To zabójstwo wstrząsnęło Warszawą. 9 lat po śmierci Andrzeja Struja
9 lutego 2019
Podkomisarz Struj udowodnił, że "policjant" to nie zawód, tylko powołanie.
Andrzej Struj poprosił motorniczego o zatrzymanie tramwaju i dokonał obywatelskiego ujęcia wandala. Wtedy jego kolega sięgnął po nóż i zadał policjantowi pięć ciosów. 42-letni funkcjonariusz zmarł w szpitalu w wyniku odniesionych obrażeń na dwie godziny po wydarzeniu na przystanku.

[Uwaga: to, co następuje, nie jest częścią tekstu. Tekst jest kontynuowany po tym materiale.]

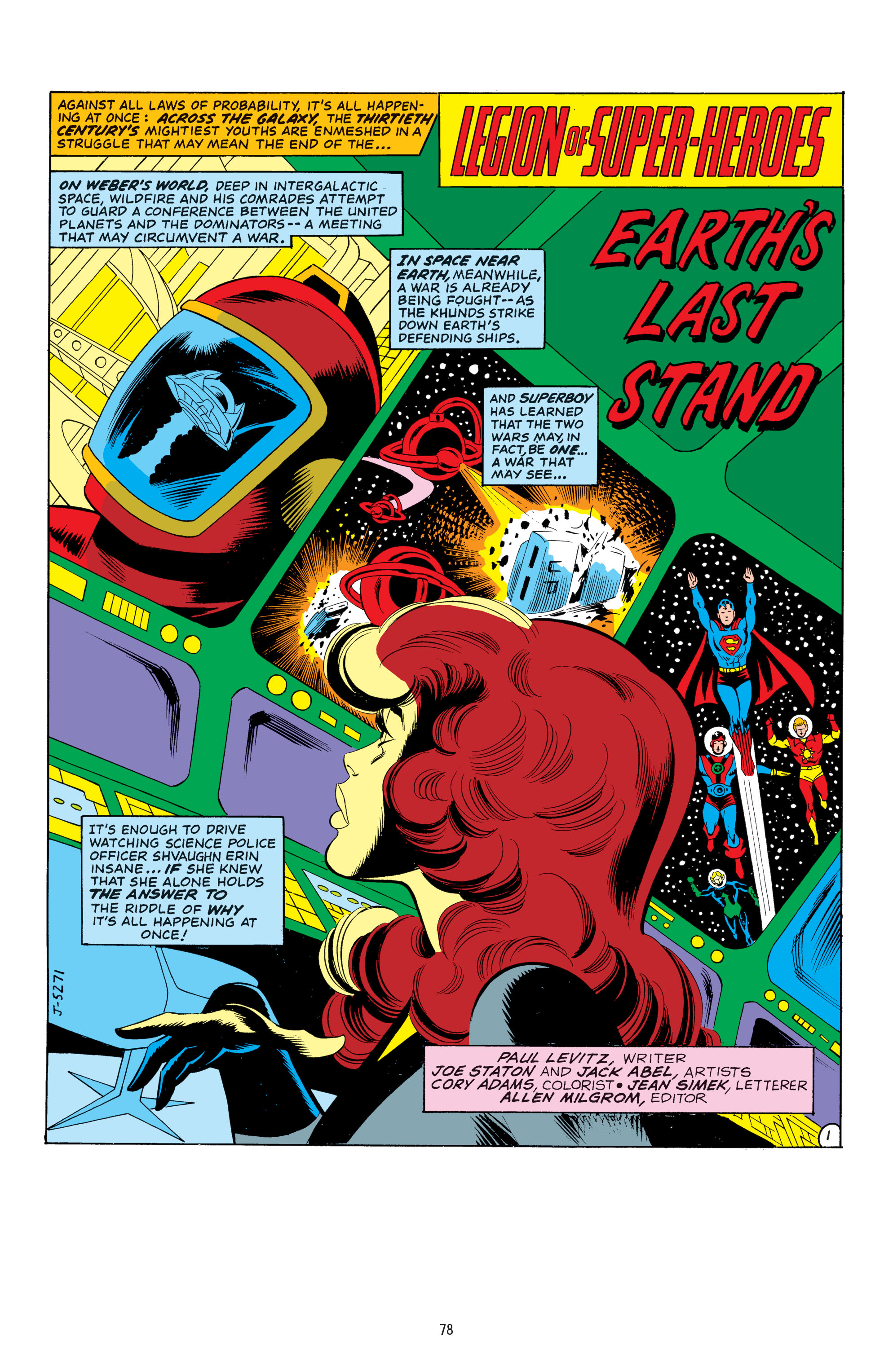 Read online Superboy and the Legion of Super-Heroes comic -  Issue # TPB 2 (Part 1) - 77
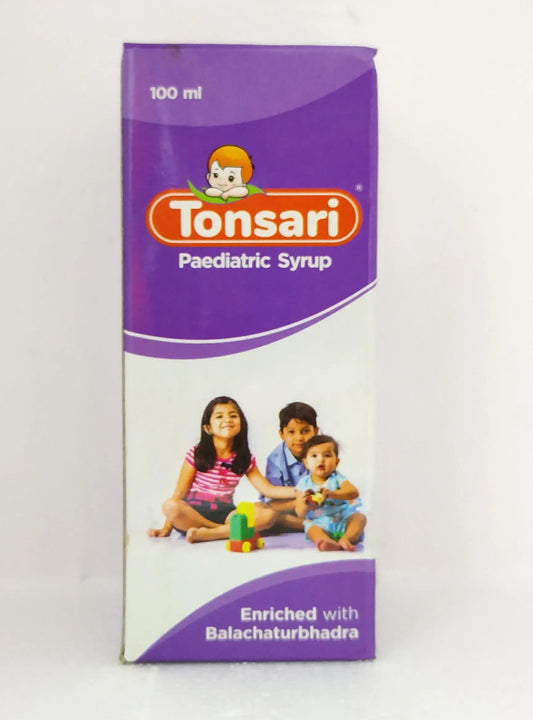 Tonsari Paediatric Syrup 100ml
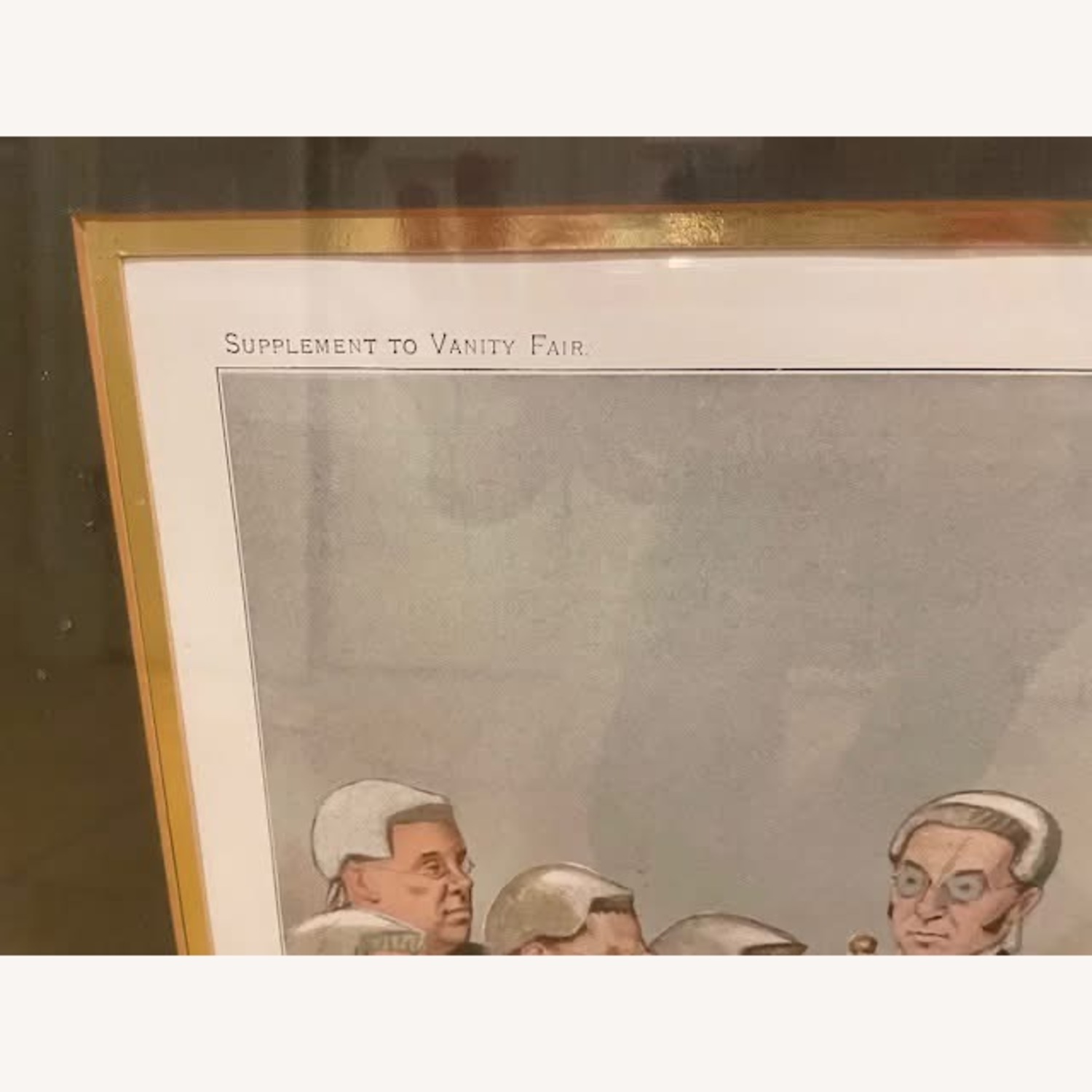 Vintage Vanity Fair Law Caricature - image-2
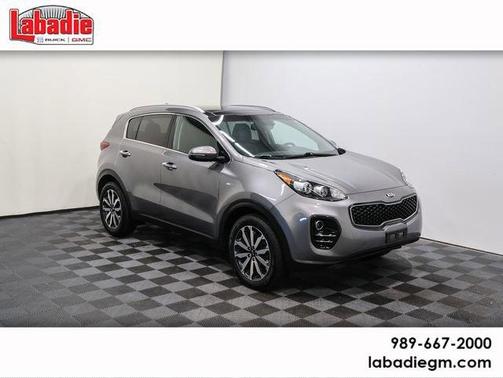 2017 Kia Sportage EX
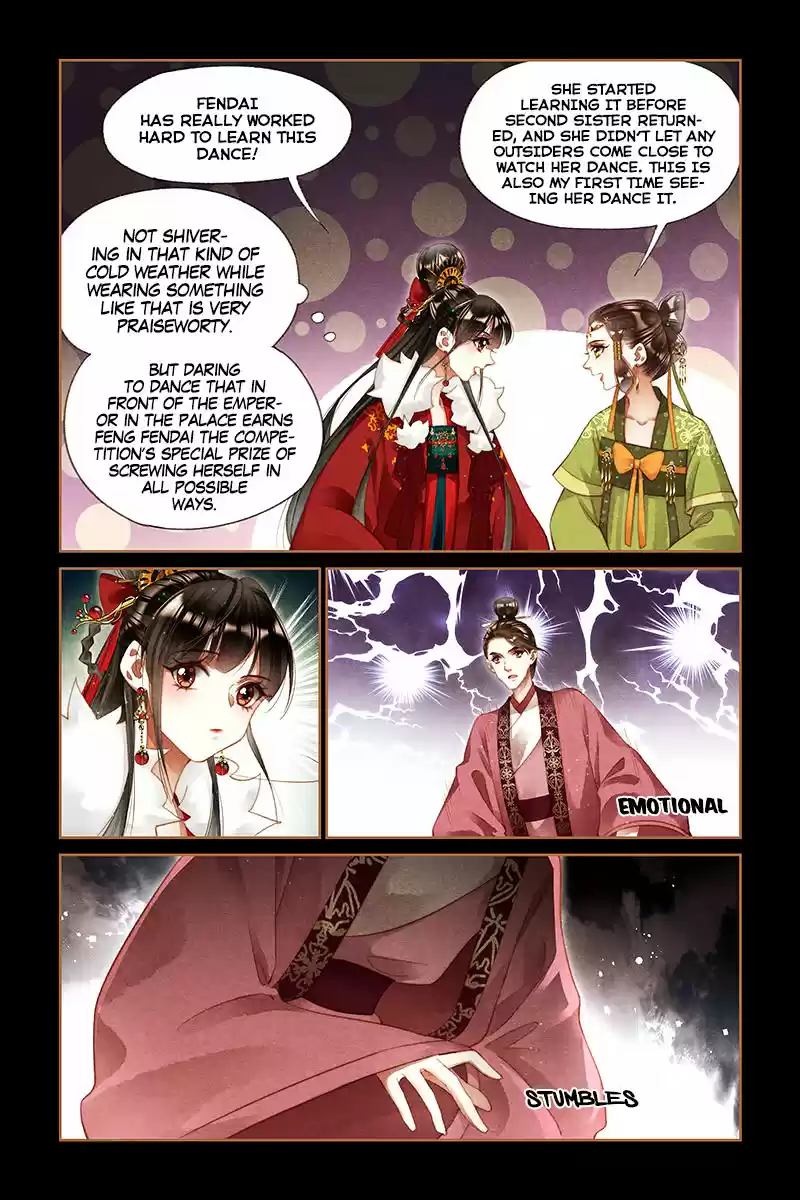Shen Yi Di Nu Ch. 206 Plum In Snow Dance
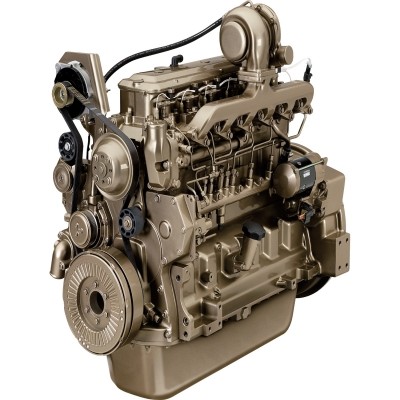 美国强鹿,约翰迪尔柴油发动机 6068TF258 120 KVA – 1500 rpm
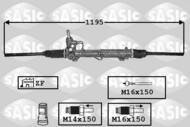 7006100 SAS - Przekładnia kierownicza SASIC /ze wspomaganiem/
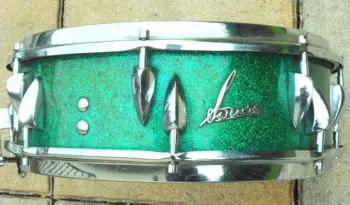 Very Rare Mid 1950's Sonor Snare Drum and Original Key!!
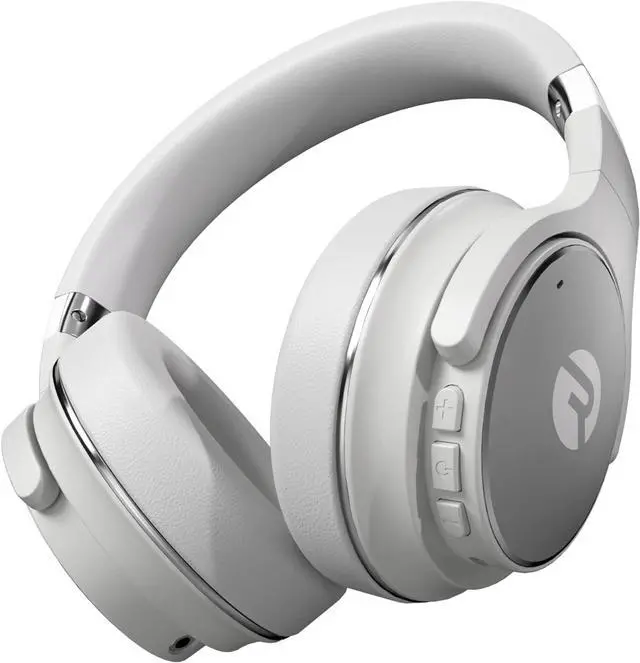 Main image of Raycon Everyday Wireless Bluetooth Over Ear Headphones, with Active Noise Cancelling, Awareness Mode and Built in Microphone, IPX 4 Water Resistance, 38 Hours of Battery Life (Frost White)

Pośmiertnie został awansowany do stopnia podkomisarza oraz odznaczony Krzyżem Kawalerskim Orderu Odrodzenia Polski, Krzyżem Zasługi za Dzielność i Złotą Odznaką "Zasłużony Policjant".
Zabójca policjanta Mateusz N. w momencie popełnienia zbrodni nie miał skończonych 18 lat. Otrzymał najwyższy możliwy wyrok dla nieletniego, czyli 25 lat więzienia. Jego kolega Piotr R. usłyszał wyrok 15 lat więzienia.
Podkomisarz Struj został pochowany na Cmentarzu Północnym w obecności prezydenta, premiera, komendanta głównego policji i prezydent Warszawy. O jego śmierci przypomina ufundowana przez Tramwaje Warszawskie tablica pamiątkowa, umieszczona na kapliczce maryjnej na przystanku Fort Wola.